The proposed U.K. Telecommunications (Security) Bill, now close to Parliamentary approval, should provide a framework for addressing the strategic risks in Huawei and other manufacturers’ products differently, the report says. Briefly, the bill would give the government new powers to boost the security standards of the U.K.’s telecommunication networks, including banning risky equipment suppliers and setting technical standards to be met.
The NCSC anticipates that the new security obligations in the bill will result in improvements in the security of all vendor equipment, the report adds.
Last year the U.K. banned telecom companies there from installing Huawei equipment on their 5G wireless networks.
Meanwhile Canada still has made no decision on whether it will allow carriers here to use Huawei equipment in their 5G wireless networks. It is assumed Ottawa’s decision is complicated by the detention of two Canadians in China while a Vancouver hearing on an extradition request from the U.S. for Huawei chief financial officer Meng Wanzhou continues.
In the meantime, Canadian carriers have decided to buy wireless network gear from other vendors.
The U.K. report admits there was “sustained progress” last year on remediating problems found in previous reports. That includes considerable progress on rectification of motherboards with an old and out-of-mainstream-support component, and progress on binary equivalence, fixed access issues, and vulnerability management.

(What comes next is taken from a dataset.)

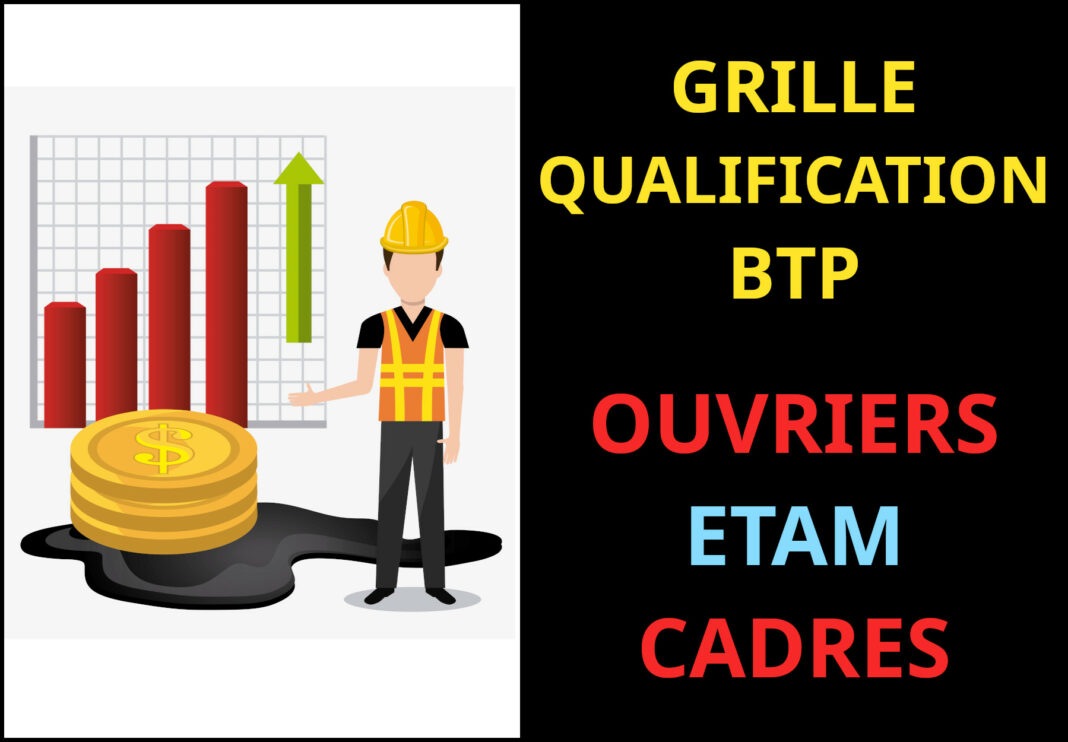 grille qualification btp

One problem is Huawei uses an old version of a third-party realtime operating system in some products, the report says. This component went out-of-mainstream support last year, although some products using those motherboards are still in U.K. telecom networks. They are steadily being remediated, but about 25 per cent of the Huawei gear in U.K. telecom networks still to be fixed.
All vulnerabilities in “particularly poor code” identified in fixed network wireless products in 2019 have been fixed. During 2020, Huawei effectively remediated all vulnerabilities discovered and reported by the centre in line with expectations, the report adds.
The Huawei Cyber Security Evaluation Centre was set up 10 years ago in the U.K., allowing government scrutiny of fixed and wireless networks products amid concerns about security. It is owned indirectly by Huawei Technologies. The oversight board’s job is to ensure it is independent from the company, and that the centre’s testing methodologies are sound. The NCSC chooses the equipment to be tested.
The oversight board is chaired by the NCSC’s chief executive. A senior Huawei executive is the deputy chair. Other members of the board include representatives from the U.K. government and the telecommunications sector.
According to the Globe and Mail, Canada has a similar centre here. However, the government doesn’t issue reports on its work.
The news site Light Reading notes that the U.K. doesn’t test network equipment from Ericsson or Nokia.
In its report for 2019, delivered last year, the oversight board said it “has not yet seen anything to give it confidence in Huawei’s capacity to successfully complete the elements of the [software development] transformation program that it has proposed as a means of addressing these underlying defects.”
The U.S. and the U.K. have worried for years that Huawei is too close to the Chinese government to trust its equipment. In 2019 the U.S. consul in Toronto warned Canada against allowing wireless network carriers here to buy 5G equipment from Chinese manufacturers.